Artist’s vision of one of three black holes NASA astronomers recently discovered feasting on their companion stars. — Image courtesy of NASA

Don’t worry. Like bears, black holes aren’t dangerous as long as you don’t get too close.

You’re in orbit around one right now, in fact. It’s Sagittarius A*, the supermassive black hole at the center of our Milky Way galaxy (the asterisk is part of the name) that’s 4 million times as heavy as our Sun.

Fortunately, the galaxy center is about 500,000 trillion kilometers away, so you’ll never have to worry about suffering the sort of shredding that threatens its nearby stars.

Supermassive black hole Sagittarius A* (Sgr A*) is located in the middle of the Milky Way galaxy. — Image courtesy of NASA

Because nothing that falls in can ever come back out, there’s only one way to see what’s inside a black hole in space — by taking a trip into one. It would be your last act (probably). At least, you wouldn’t be able to come back to tell us about it.

Still, there’s one way to see what a black hole would look like if you could slice one in half. That’s because the laws of physics that black holes obey are the same ones that control the flow of water in your kitchen sink.

If you turn on the water in your kitchen to a steady stream and let it hit an open space in the basin, it creates a distinctive pattern. In 2011, physicists in France discovered a startling resemblance between the pattern of water in sink basin and black holes. Einstein’s equations of general relativity, they found, perfectly describe them both.

A stream of water spreads out when it hits a smooth surface, creating a pattern with features comparable to those of black and white holes in space.

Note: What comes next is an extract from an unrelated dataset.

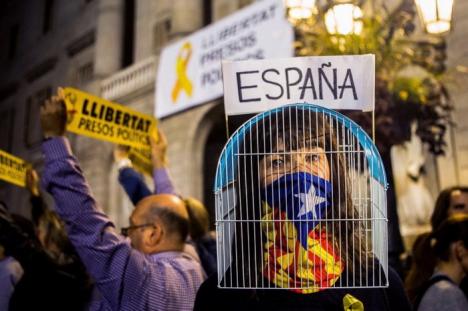 Protest uriaş în Barcelona: 750.000 de oameni au cerut, în stradă, eliberarea liderilor catalani arestaţi (FOTO)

Technically, the water in your sink resembles a white hole. That is, the water inside the liquid white hole in your sink is washed outward, while the reverse would happen if you could make a liquid black hole.

Mathematically, though, a white hole is just a black hole running in reverse. When you take a photograph, like the one above, you can’t tell which way time is running. So the water pattern resembles both black holes and white holes, at least as one in space would look if you could cut one in half and take a snapshot of the space inside them.

Three features of the water pattern are comparable to black (and white) holes in space. The smooth circular region is like the interior, where gravity is so strong that anything in it is swept inward (in a black hole) or outward (in a white hole) faster than the speed of light.

The outer, burbling region is like normal space outside of a black or white hole.

And, finally, the circular, raised ring surrounding the smooth disk is the event horizon. In space, it marks the point of no return between the faster-than-light flow inside a black or white hole, and the normal space outside.

The mathematical similarities between the water in your sink and the gravitational monstrosities in space offers a handy, and safe, way to study extreme gravity at home.